The popularity of Minecraft has led to some institutions using it to create or wish to create mirror worlds. Already there was the the Ordanance Survey UK creation which “is believed to be the biggest Minecraft map made using real-world geographic data.” (Claiming firsts for things was a big thing back in 2006/7 for virtual worlds). It has just been updated to include houses not just terrain. By houses though this is not a full recreation of your house to walk into but a block showing its position and boundary. This map uses 83 billion blocks each at showing 25m of the UK, according to a story by the BBC
The BBC also reported this week on the British Museum looking at recreating all its exhibits and its buildings in Minecraft. This is an unusual approach to their exhibits. It will be an interesting build and they are asking the public to help. So once again Minecraft’s simplicity and accessibility will allow anyone to create the artefacts. It will, however, create a very low rez low texture experience. So it is a mirror world, in that it will be like the museum but it is more of a model village approach. You admire the talent to make it in the medium. It seems more of an art project than a virtual world project. It is all good though 🙂
The BBC seem to be on a Minecraft vibe just as they were on a Second Life Vibe back in the last wave. Paul Mason and BBC Newsnight came and did a piece with me and the team of fellow Virtual World pioneers in 2007 We were starting to establish a major sub culture in the corporate world of innovators and explorers looking into who we could use virtual worlds and how it felt. Counter culture of this nature in a corporate is not always popular. I have written this before but the day we filmed this for the BBC in the morning I had my yearly appraisal. My management line we not keen on virtual worlds not the success so gave me the lowest rating they could. I went straight for that (which is very annoying and disheartening) into an interview with Paul on camera. Sometimes you just have to put up with misguided people trying to derail you, other times you just get out of the situation and go do it elsewhere.
Anyway, Minecraft offers a great deal, it does allow mirror worlds, though it does allow for an other worldy approach. Most blocks do not obey gravity. You can build up and then a platform out with no supporting structure, you can dig tunnels and underground (the point of the mine in Minecraft and not worry about collapsing. You still have real world up and down left and right though.

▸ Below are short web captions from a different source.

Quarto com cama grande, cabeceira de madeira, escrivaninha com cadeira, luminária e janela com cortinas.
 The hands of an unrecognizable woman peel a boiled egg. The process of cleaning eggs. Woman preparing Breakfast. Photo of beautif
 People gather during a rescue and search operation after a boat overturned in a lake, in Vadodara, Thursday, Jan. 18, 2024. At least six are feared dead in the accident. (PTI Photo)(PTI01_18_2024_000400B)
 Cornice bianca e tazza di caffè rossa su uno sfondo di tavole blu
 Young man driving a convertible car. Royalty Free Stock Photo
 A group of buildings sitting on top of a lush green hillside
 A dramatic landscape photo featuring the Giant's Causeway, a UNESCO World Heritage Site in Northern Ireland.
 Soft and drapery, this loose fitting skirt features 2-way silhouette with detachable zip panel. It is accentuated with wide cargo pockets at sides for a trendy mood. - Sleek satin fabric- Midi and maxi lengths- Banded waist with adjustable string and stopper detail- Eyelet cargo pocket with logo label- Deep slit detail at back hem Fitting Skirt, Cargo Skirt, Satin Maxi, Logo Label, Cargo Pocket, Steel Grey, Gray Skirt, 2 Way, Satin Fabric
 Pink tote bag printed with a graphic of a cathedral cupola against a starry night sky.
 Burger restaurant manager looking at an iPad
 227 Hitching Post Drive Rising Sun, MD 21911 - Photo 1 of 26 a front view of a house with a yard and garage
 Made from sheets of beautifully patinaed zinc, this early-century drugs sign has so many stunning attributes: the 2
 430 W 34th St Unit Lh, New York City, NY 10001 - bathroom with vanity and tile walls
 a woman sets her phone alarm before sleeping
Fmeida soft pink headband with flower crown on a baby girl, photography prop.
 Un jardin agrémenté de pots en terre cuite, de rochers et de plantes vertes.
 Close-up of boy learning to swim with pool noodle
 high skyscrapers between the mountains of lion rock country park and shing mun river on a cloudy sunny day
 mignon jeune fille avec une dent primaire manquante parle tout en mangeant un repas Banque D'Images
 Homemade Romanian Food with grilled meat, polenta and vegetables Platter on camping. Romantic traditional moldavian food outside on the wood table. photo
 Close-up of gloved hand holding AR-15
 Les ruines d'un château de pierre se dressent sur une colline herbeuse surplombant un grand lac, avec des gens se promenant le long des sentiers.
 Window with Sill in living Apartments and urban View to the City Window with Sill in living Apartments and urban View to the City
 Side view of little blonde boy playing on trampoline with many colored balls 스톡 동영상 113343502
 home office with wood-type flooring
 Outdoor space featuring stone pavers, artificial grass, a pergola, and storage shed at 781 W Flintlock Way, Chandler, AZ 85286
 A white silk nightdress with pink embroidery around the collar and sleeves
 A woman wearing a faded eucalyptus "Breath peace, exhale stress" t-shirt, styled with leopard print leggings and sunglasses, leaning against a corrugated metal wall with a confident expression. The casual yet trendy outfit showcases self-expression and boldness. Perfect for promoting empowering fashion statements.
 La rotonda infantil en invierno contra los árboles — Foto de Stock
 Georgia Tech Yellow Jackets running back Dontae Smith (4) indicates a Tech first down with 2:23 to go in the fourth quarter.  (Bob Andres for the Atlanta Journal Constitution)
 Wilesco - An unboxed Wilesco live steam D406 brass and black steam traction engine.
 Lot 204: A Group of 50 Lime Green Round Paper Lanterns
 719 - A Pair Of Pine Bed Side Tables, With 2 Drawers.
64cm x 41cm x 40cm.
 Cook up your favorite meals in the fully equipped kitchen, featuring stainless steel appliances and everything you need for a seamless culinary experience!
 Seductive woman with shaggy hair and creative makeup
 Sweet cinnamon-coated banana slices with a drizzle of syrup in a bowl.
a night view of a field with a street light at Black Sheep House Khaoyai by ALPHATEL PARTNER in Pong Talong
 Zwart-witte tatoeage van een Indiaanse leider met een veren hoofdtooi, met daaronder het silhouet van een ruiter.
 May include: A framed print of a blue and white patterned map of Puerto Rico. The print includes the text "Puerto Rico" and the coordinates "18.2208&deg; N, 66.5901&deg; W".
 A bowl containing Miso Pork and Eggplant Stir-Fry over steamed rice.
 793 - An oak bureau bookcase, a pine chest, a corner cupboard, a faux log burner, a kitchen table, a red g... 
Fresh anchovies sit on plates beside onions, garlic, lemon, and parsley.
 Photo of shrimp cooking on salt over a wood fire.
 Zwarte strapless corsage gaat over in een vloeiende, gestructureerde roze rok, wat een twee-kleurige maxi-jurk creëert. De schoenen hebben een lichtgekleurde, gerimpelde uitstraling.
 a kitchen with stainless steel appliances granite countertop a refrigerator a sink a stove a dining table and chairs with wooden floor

Most virtual worlds do this. Disney Infinity, Project Spark, Second Life, Opensim and the new Hi-Fidelity etc are all still avatars and islands at their core. People might mess with the scale of things and the size, size as the OS map or the Hard Drive machines and Guitars mentioned in this BBC piece on spectacular builds.
I feel we have another step to take in how we interact at distance or over time with others. Persistent virtual worlds allow us to either be in them, or even better to actually be them. My analogy here is that I could invite you to my mind and my thoughts, represented in a virtual environment. It may not be that those things are actual mirrors of the real world, they might be concepts and ideas represented in all sorts of ways. It may not mean gravity and ground need to exists. We are not going to get to this until we have all been through mirror work and virtual world experiences. That is the foundation of understanding.

Not all avatars and islands? from Ian Hughes

Whilst many people got the virtual worlds of Second Life et al back in 2006 we were only continuing the ground preparation of all the other virtual world pioneers before. Minecraft is the first experience to really lay the foundations (all very serious it is fun to play with too!). These simple 8 bit style virtual bricks are the training ground for the next wave of virtual worlds, user generated content and our experiences of one another ideas. They may be mirror worlds, they have great value. There is no point me building an esoteric hospital experience when we need to have real examples to train on. However there is a point to having a stylised galleon floating in space as a theme for our group counselling experience we created.
The test for the naysayers of “it looks like a game” is really dying off now it seems. It will instead be it does’t look like the right sort of game. This is progress and I still get a rush when I see people understand the potential we have to connect and communicate in business, art, education or just good old entertainment. We could all sit and scoff as say yeah we’ve done that already, yes we know that etc. I am less worried about that, there might be a little voice in me saying I told you so, or wow how wrong were you to try and put a stop to this you muppets, but it is a very quiet voice. I want every one to feel the rush of potential that I felt when it clicked for me, whatever their attitude was before. So bring it on 🙂

It’s ok to revisit ideas with new technology – VR, 3D, VW

I think that along with the “that’s always the way we have done things” line that gets thrown about whenever anything new challenges the status quo, the live “but we tried that before and it did not work” is equally dangerous.
I do partially agree that if you keep doing the same thing and get the same outcome you should try something else. The adjustment to something else may be to revisit and gently tweak the approach. If you are through dice and trying to get a double six and failing, you just have to throw them in a different way until you get to the right result to win the game. (Of course chaos theory and dependence on initial start conditions in a feedback loop means you always are with every throw but that’s another story).
At the weekend we visited the Milestones Museum in Basingstoke. It is just around the corner but we had not been. It is a giant hangar with a huge recreation of 1900’s and 1930’s streets and then some 50’s,60’s,60’s and 80’s artefacts too.
One thing that stuck me in the camera shop exhibit was this.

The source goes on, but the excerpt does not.